Failover: The capability of switching to a redundant or standby computer server. Also a verb; sometimes spelled fail over: To switch to a standby server.
Last week’s BlackBerry outage affected an estimated 35 million global customers, including me*. An October 12 Talking Points Memo story quoted a service memo from BlackBerry parent company Research in Motion’s chief information officer, Robin Bienfait**:
Although the system is designed to failover to a back-up switch, the failover did not function as previously tested. As a result, a large backlog of data was generated and we are now working to clear that backlog and restore normal service as quickly as possible. We sincerely apologise for the inconvenience caused to many of you and we will continue to keep you informed. – October 11, 21:30 (emphasis added).
When I tweeted that failover was new to me, my tech-speaking Twitter friends quickly set me straight:
I found no definitions for failover in standard dictionaries. Here are the Wiktionary definitions (via Wordnik):
- A means for ensuring high availability of some critical resource (such as a computer system), involving a parallel, backup system which is kept running at all times so that, upon detected failure of the primary system, processing can be automatically shifted over to the backup.
- An automatic switch to a secondary system on failure of the primary system.
As you can see, the verb “to failover” (or “to fail over”) hasn’t yet been included—but not because it hasn’t been used. “To failover” yields 140,000 Google hits. (“To fail over” produces more than 3 million results, but most of them use the “failover” spelling.)
The opposite of failover is failback: “the restoration of a system in a state of failover back to its original state (before the failure occurred).” (Wordnik).
I found a couple of dead trademarks with failover (Auto Failover and One-Click Failover) and one dead trademark with failback (Failback, from eNetica Solutions, Inc.). There’s an apparently live product called Simple Failover, from JH Software, with no record of a trademark application.
Comb-over fail = failover? From A Gallery of Ridiculously Bad Comb Overs.
* I use a BlackBerry, but I hardly depend on it. I wasn’t aware of the service problem until I read about it on Twitter, where someone (sorry, can’t remember who!) linked to the TPM story.
** Bienfait translates to “well made” or “well done.”
Is the verb actually "failover" or "fail over"? It would make sense to me to say that a system failed over to the backup, but not that it failovered to the backup. I wonder if it's like "login" where everybody writes the infinitive as one word, even though it's pretty clearly two in other situations.
Posted by: Jonathon | October 17, 2011 at 09:20 AM
You can find "failover" as a feature name, if not a brand name, in something like SQL Server 2005 Failover Clustering (http://www.microsoft.com/download/en/details.aspx?DisplayLang=en&id=19736).
Posted by: mike | October 17, 2011 at 10:26 AM
@Jonathon: RIM spells it "failover," but I assume they'd use "failed over" for the past tense.
Personally, I prefer two words for "log in" (verb), but I realize it's a losing battle.
Posted by: Nancy Friedman | October 17, 2011 at 11:12 AM
@Jonathon -- there's a strong tendency for people to mash together verbs that have associated prepositional bits.
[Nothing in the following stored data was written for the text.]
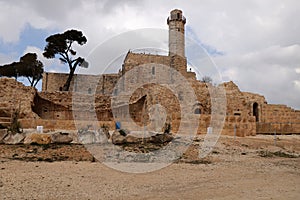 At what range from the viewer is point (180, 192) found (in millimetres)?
4828

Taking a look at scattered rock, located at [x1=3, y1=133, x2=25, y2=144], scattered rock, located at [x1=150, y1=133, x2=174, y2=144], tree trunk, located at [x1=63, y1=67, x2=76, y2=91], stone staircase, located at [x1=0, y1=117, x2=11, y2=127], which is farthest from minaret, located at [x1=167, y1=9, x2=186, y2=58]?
scattered rock, located at [x1=3, y1=133, x2=25, y2=144]

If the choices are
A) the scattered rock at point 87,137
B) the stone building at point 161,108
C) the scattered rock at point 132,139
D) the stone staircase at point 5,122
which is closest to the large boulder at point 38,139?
the scattered rock at point 87,137

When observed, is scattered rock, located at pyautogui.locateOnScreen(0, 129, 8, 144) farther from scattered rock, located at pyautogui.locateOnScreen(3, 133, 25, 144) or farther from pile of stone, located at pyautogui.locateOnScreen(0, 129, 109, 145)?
scattered rock, located at pyautogui.locateOnScreen(3, 133, 25, 144)

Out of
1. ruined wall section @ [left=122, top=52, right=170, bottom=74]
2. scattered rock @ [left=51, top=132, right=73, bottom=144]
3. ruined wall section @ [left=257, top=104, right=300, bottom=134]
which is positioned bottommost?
scattered rock @ [left=51, top=132, right=73, bottom=144]

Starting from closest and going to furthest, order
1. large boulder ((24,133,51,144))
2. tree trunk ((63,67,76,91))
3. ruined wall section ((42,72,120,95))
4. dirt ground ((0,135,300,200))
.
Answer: dirt ground ((0,135,300,200))
large boulder ((24,133,51,144))
tree trunk ((63,67,76,91))
ruined wall section ((42,72,120,95))

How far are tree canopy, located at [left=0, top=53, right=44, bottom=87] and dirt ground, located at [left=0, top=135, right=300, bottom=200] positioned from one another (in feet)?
96.3

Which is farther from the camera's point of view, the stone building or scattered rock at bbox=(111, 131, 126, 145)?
the stone building

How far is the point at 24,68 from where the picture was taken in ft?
117

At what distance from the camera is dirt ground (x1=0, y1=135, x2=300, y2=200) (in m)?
4.66

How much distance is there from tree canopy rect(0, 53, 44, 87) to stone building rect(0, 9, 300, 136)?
12136 millimetres

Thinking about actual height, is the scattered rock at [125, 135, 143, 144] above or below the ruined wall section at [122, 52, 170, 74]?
below

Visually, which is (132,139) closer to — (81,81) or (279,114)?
(279,114)

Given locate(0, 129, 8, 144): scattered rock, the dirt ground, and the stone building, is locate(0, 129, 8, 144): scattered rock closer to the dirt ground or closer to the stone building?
the dirt ground

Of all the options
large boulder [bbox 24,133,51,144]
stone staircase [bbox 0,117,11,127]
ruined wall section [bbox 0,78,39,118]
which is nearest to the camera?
large boulder [bbox 24,133,51,144] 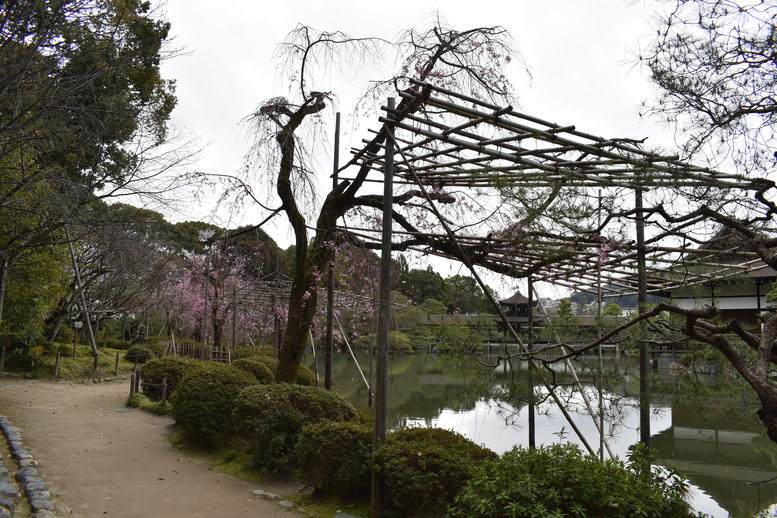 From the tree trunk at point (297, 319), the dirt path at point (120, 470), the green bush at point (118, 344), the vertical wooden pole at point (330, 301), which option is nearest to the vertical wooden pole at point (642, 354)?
the dirt path at point (120, 470)

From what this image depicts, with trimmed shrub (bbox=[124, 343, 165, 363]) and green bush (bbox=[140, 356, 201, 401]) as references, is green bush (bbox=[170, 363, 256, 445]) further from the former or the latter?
trimmed shrub (bbox=[124, 343, 165, 363])

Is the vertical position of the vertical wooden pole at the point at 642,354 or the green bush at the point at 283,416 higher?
the vertical wooden pole at the point at 642,354

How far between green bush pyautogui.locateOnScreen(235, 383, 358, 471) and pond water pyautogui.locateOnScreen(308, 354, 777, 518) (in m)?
1.41

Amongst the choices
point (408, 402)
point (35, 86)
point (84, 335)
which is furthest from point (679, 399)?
point (84, 335)

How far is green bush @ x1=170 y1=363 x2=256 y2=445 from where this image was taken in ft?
25.1

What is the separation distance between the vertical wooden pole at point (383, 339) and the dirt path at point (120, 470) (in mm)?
1083

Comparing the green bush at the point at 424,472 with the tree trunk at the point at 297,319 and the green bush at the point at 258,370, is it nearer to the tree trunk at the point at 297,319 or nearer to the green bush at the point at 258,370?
the tree trunk at the point at 297,319

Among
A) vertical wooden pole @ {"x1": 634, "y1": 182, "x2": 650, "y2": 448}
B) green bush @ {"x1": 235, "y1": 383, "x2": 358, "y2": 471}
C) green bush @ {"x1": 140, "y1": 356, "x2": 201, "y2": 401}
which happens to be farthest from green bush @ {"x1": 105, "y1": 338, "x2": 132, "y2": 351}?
vertical wooden pole @ {"x1": 634, "y1": 182, "x2": 650, "y2": 448}

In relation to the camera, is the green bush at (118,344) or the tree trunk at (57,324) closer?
the tree trunk at (57,324)

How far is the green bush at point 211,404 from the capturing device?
764 centimetres

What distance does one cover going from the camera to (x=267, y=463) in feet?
21.3

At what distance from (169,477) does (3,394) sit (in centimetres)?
717

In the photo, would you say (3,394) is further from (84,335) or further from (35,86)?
(84,335)

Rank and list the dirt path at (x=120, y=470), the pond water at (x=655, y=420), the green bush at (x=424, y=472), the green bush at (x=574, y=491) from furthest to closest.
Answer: the dirt path at (x=120, y=470), the pond water at (x=655, y=420), the green bush at (x=424, y=472), the green bush at (x=574, y=491) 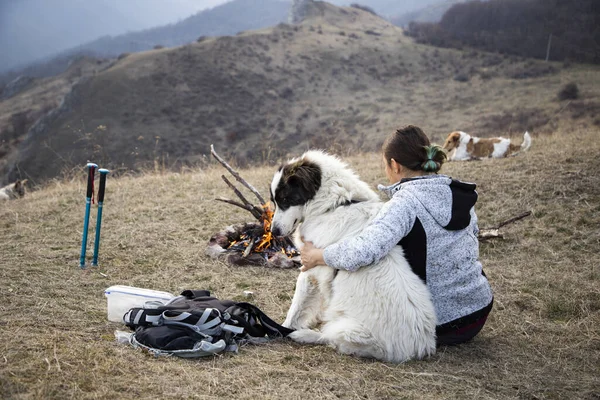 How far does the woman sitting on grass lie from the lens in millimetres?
3027

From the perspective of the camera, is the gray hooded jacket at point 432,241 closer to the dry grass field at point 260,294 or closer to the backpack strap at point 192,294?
the dry grass field at point 260,294

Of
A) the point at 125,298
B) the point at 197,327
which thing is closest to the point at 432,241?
the point at 197,327

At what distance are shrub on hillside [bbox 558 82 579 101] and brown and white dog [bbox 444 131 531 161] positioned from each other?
72.0ft

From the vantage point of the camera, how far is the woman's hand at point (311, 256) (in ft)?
11.0

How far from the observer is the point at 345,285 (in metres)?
3.21

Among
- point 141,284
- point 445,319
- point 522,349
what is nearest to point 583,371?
point 522,349

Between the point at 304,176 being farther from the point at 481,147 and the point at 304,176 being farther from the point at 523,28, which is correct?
the point at 523,28

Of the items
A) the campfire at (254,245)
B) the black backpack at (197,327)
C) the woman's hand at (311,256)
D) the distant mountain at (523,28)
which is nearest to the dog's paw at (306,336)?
the black backpack at (197,327)

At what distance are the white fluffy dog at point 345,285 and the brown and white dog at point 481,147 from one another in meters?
7.74

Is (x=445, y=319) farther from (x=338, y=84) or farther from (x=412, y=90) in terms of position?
(x=338, y=84)

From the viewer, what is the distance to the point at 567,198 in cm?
691

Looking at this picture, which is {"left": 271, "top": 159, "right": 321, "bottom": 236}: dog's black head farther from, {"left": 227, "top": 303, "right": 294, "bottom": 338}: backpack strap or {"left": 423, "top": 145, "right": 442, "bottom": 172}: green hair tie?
{"left": 423, "top": 145, "right": 442, "bottom": 172}: green hair tie

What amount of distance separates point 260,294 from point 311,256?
5.61ft

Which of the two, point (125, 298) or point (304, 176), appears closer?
point (304, 176) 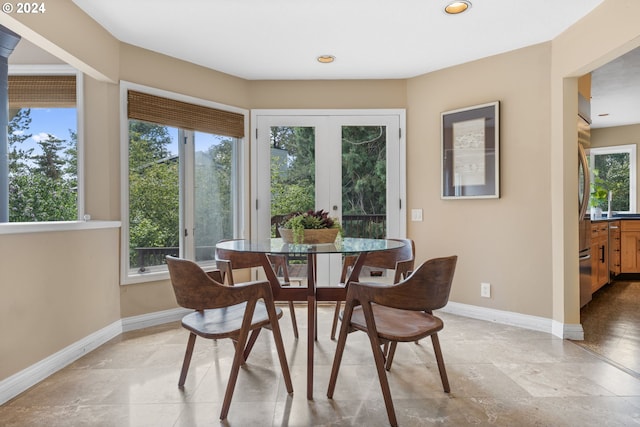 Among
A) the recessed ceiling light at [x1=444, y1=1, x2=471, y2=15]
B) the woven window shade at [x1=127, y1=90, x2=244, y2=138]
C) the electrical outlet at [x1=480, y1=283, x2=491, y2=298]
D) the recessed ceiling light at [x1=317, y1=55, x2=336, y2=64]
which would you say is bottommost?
the electrical outlet at [x1=480, y1=283, x2=491, y2=298]

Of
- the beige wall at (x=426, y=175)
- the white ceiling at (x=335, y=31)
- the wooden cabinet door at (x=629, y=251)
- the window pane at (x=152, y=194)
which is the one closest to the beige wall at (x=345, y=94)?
the beige wall at (x=426, y=175)

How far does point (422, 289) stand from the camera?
1.63 meters

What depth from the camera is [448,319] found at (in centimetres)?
338

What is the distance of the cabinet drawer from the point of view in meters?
5.02

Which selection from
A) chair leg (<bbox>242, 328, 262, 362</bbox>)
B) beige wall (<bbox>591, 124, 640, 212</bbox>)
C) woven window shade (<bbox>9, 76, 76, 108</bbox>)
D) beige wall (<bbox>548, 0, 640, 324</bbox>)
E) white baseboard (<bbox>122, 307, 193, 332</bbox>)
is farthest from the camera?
beige wall (<bbox>591, 124, 640, 212</bbox>)

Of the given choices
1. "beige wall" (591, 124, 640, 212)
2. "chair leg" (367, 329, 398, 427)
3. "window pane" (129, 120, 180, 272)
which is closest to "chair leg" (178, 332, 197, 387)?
"chair leg" (367, 329, 398, 427)

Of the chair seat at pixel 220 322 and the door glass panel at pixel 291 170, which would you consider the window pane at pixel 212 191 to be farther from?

As you say, "to login" is one example; in my own work, I very frequently also see "to setup" and "to backup." I've also seen "to warmup," "to passout," "to turndown," and "to workout."
re: "to fail over" specifically, some old (and edited) content on the Microsoft site (http://msdn.microsoft.com/en-us/library/ms189134.aspx) pretty consistently uses "failover" as a noun or adjective, and "fail over" as a verb. (One example: "Allow one failover cluster node to fail over to any other node in the failover cluster configuration.") Your logic is correct to my mind (for example, people write "to setup" but they don't write "she setups"), but I think that ordinary writers don't necessarily think this sort of thing thru all that carefully.
Posted by: mike | October 17, 2011 at 11:19 AM
"I think that ordinary writers don't necessarily think this sort of thing thru all that carefully."
Good point. I guess that's why they pay us to edit, right?
Posted by: Jonathon | October 17, 2011 at 11:50 AM
Coincidentally, June Casagrande of Grammar Underground addresses "login" v. "log in" in a new blog post: http://www.grammarunderground.com/?p=1260
Also backup/back up, signoff/sign off, and other pairs ... but not failover/fail over.
Posted by: Nancy Friedman | October 17, 2011 at 12:26 PM
I admit I'm late to the party, but this status report from a Web host seems like a pretty good example of "fail over" in the two-word variety.
http://www.dreamhoststatus.com/2011/10/28/shared-server-managua-is-offline-due-to-unscheduled-filesystem-check/
Note that the URL differs from the title; as the situation progressed, the title was updated, presumably for the benefit of RSS subscribers.